Voters in Loudoun County will go to the polls in a special election next week to choose between two candidates for commissioner of revenue.

Incumbent Catherine Ashby, a Democrat, was appointed to the post in July by a three-judge circuit court panel shortly after long-time commissioner Lee Keyes resigned following his arrest in an alcohol-related car accident.

Ashby, 37, cites 16 years' experience in the office as her chief qualification for the post. She started at the bottom, she said, and worked her way up to chief deputy under Keyes at the time he left office.

"I worked hard and learned something about everything in this office before I became deputy," Ashby said. "I think I deserve the chance to do it on my own."

Her campaign style has been low-key. Press releases issued from her office are more informative than political, the latest one telling residents that Nov. 1 is the deadline for the land use value taxation program.

Ashby does not mention her opponent, Susan Dietrich Rutherford, a Republican, in her news releases or speeches and has refused to debate Rutherford, a civic leader and professional manager.

"This is not a policy-making position," Ashby said. "The commissioner's job is to carry out the laws of Virginia as defined by the state code and carry out the ordinances set by the county. There are no issues to discuss."

Rutherford, 40, has taken the offensive in the race for the $37,000-a-year post. Besides challenging Ashby to a debate, she has taken several ads in local newspapers in which she criticizes her opponent without naming her.

Rutherford also has been more assertive when both candidates speak to civic groups, according to both Rutherford and Ashby. Ashby admits to a dislike of public speaking, a role for which Rutherford's years of community involvement have prepared her.

"I criticize Ms. Ashby's performance because I believe her experience has been mainly clerical and she isn't aware that there is a more efficient way to run that office," said Rutherford, who has taken a month-long leave of absence from her position as Loudoun County Chamber of Commerce executive director in order to campaign.

As an example of inefficiency, Rutherford cited long lines at the commissioner's office two days after personal property tax bills were mailed to residents.

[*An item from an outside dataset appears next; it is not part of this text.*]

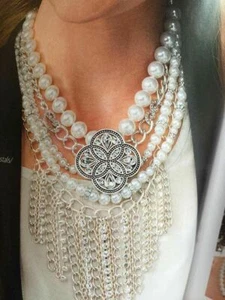 Girl's Best Friend Signature Piece and Earring Set - Premier Designs - Picture 1 of 11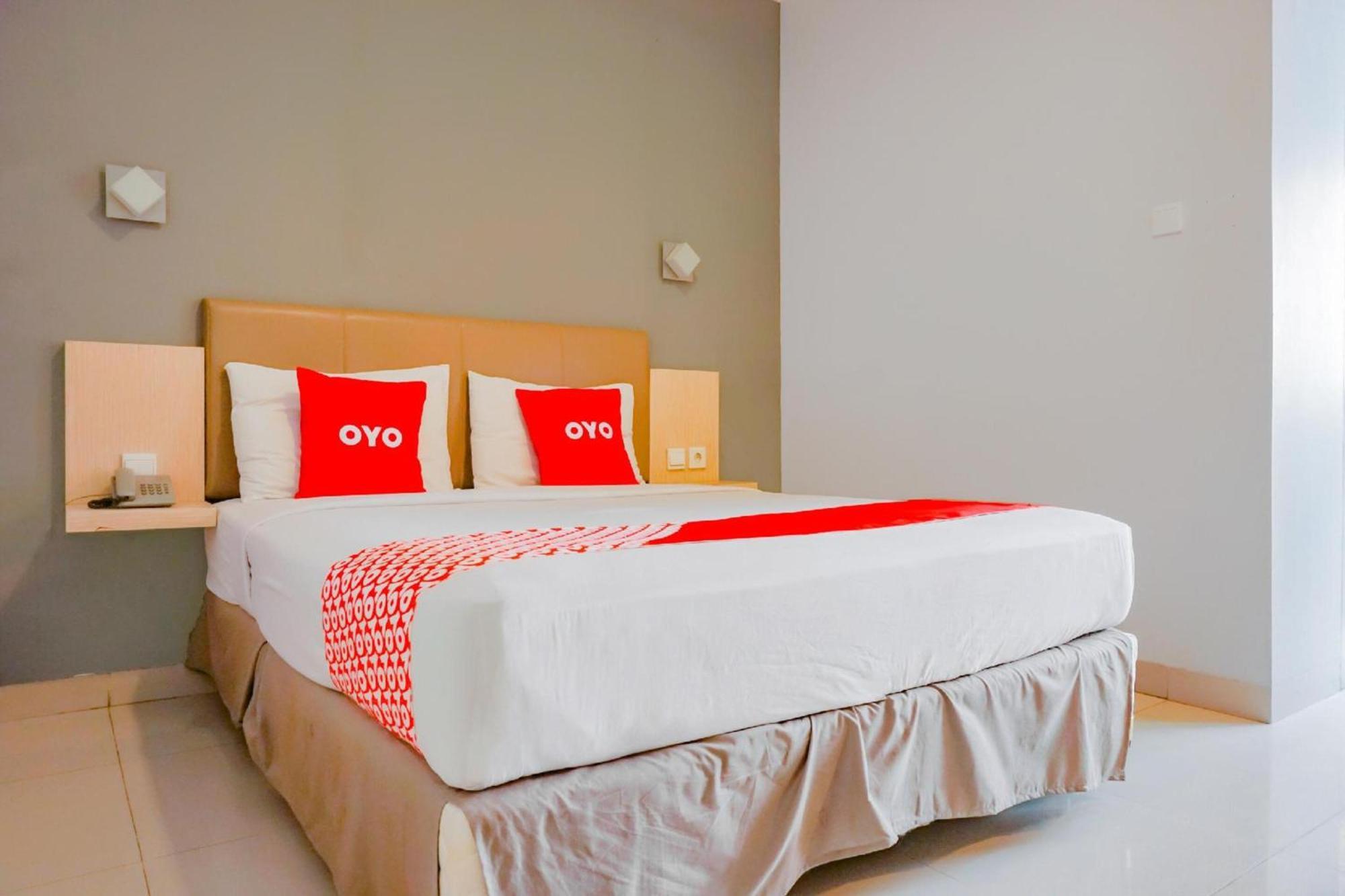 Collection O Hotel Antara Джакарта Екстериор снимка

"We don't need more people in that office," she said of the 16-member staff. "We need to better utilize the people we have."

Two staff persons should be used as field supervisors, Rutherford said, to check for noncompliance with the business license tax ordinance.

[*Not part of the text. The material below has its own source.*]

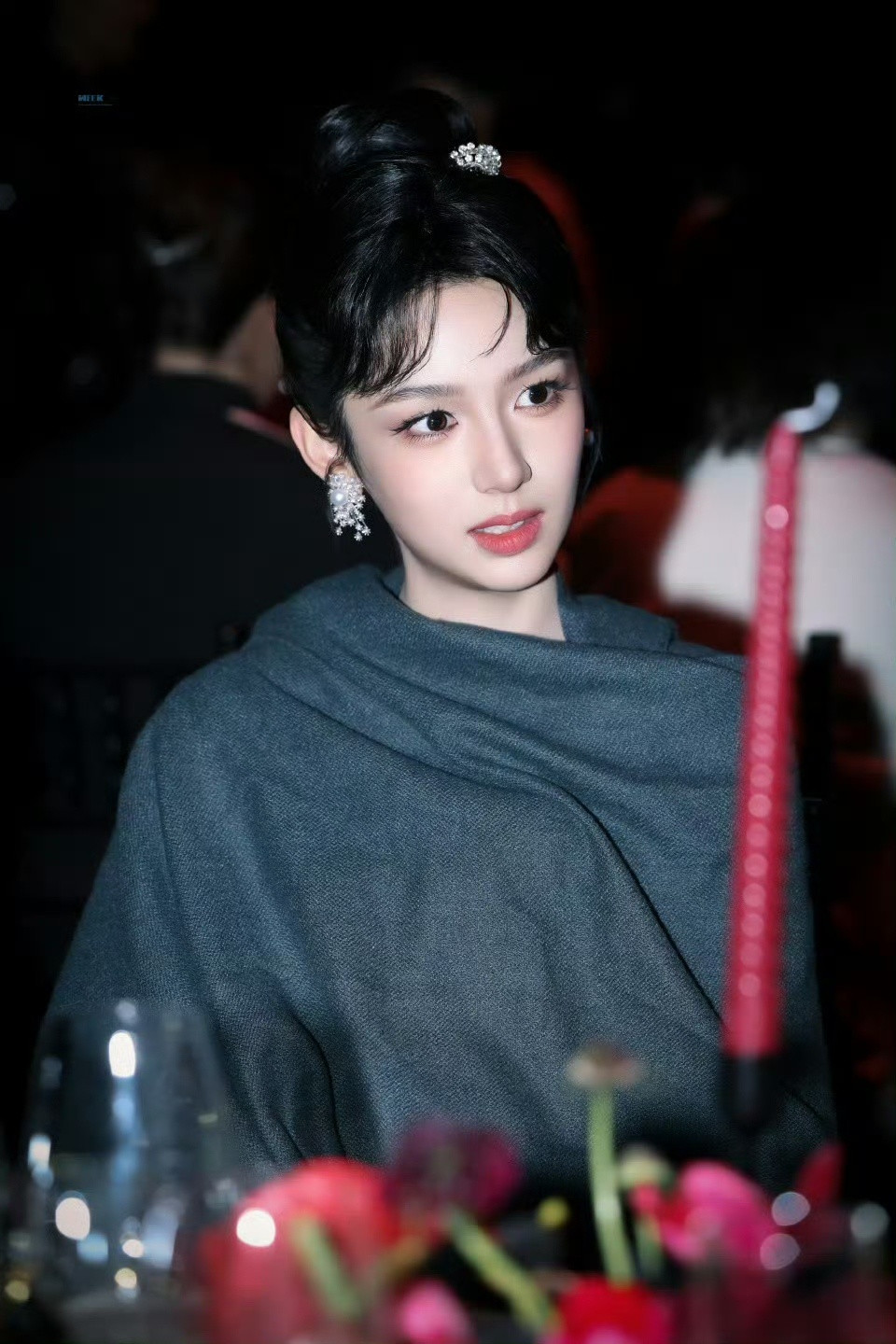 周也这组赫本风直接封神红黑碰撞，光影交织。周也这一袭赫本风造型，完美演绎复古优雅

"The county collected $650,000 this year," she said. "Figures at the chamber of commerce show that there should have been another third of that amount collected."

According to incumbent Ashby, chamber of commerce figures usually count the businesses in Loudoun's incorporated towns that have their own license taxes from which the county cannot collect.

"This has been a rough campaign," Ashby said. "I'll be glad when it's over. I just want to do my job."